• **EXERCISE AIM**
Images are to be excluded, and the rest of the data repeated exactly.

• **GIVEN INFORMATION**
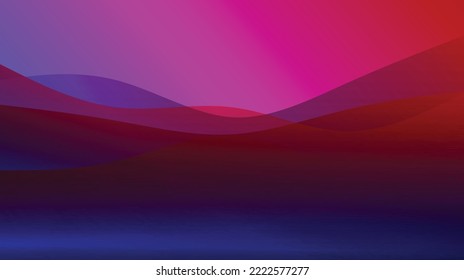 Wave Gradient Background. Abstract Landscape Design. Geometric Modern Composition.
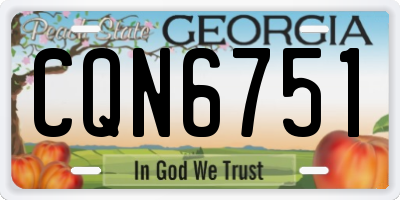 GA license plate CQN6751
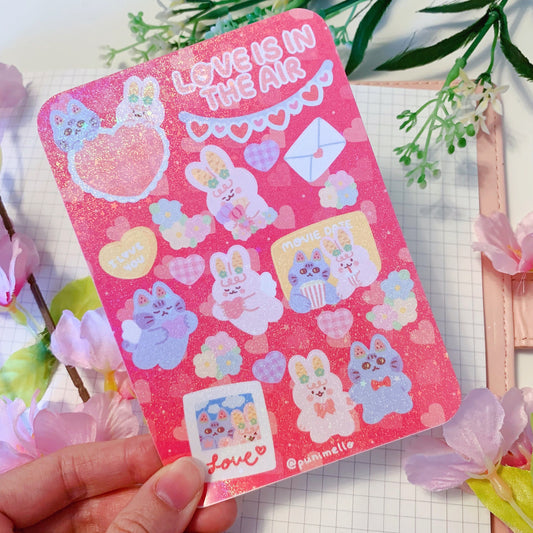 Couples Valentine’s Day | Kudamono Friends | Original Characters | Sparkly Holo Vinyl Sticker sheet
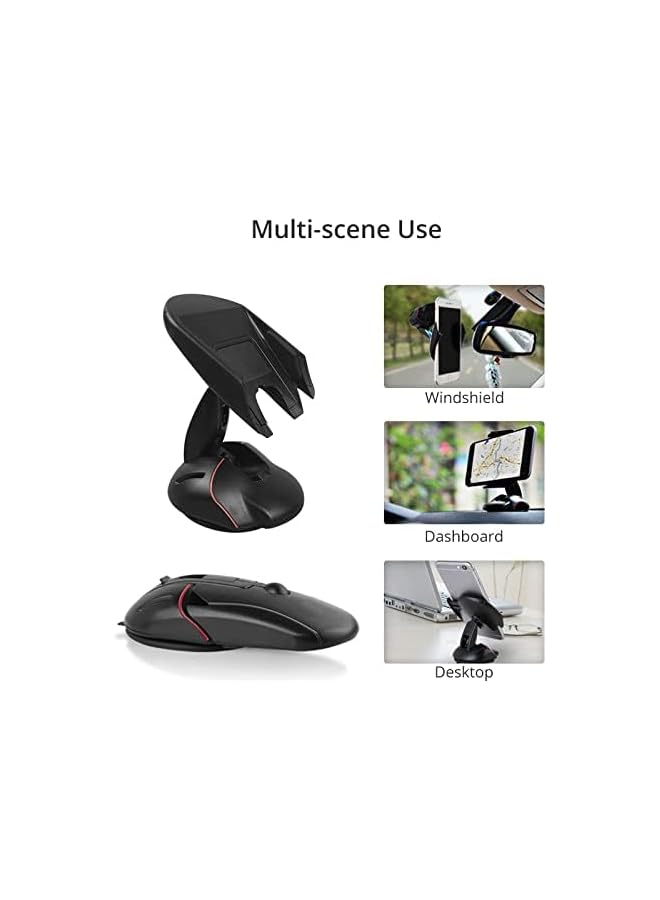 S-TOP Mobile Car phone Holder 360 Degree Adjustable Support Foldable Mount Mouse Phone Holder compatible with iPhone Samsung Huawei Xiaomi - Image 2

• **WORKED SOLUTION**
 Wave Gradient Background. Abstract Landscape Design. Geometric Modern Composition.
 GA license plate CQN6751
 Couples Valentine’s Day | Kudamono Friends | Original Characters | Sparkly Holo Vinyl Sticker sheet
 S-TOP Mobile Car phone Holder 360 Degree Adjustable Support Foldable Mount Mouse Phone Holder compatible with iPhone Samsung Huawei Xiaomi - Image 2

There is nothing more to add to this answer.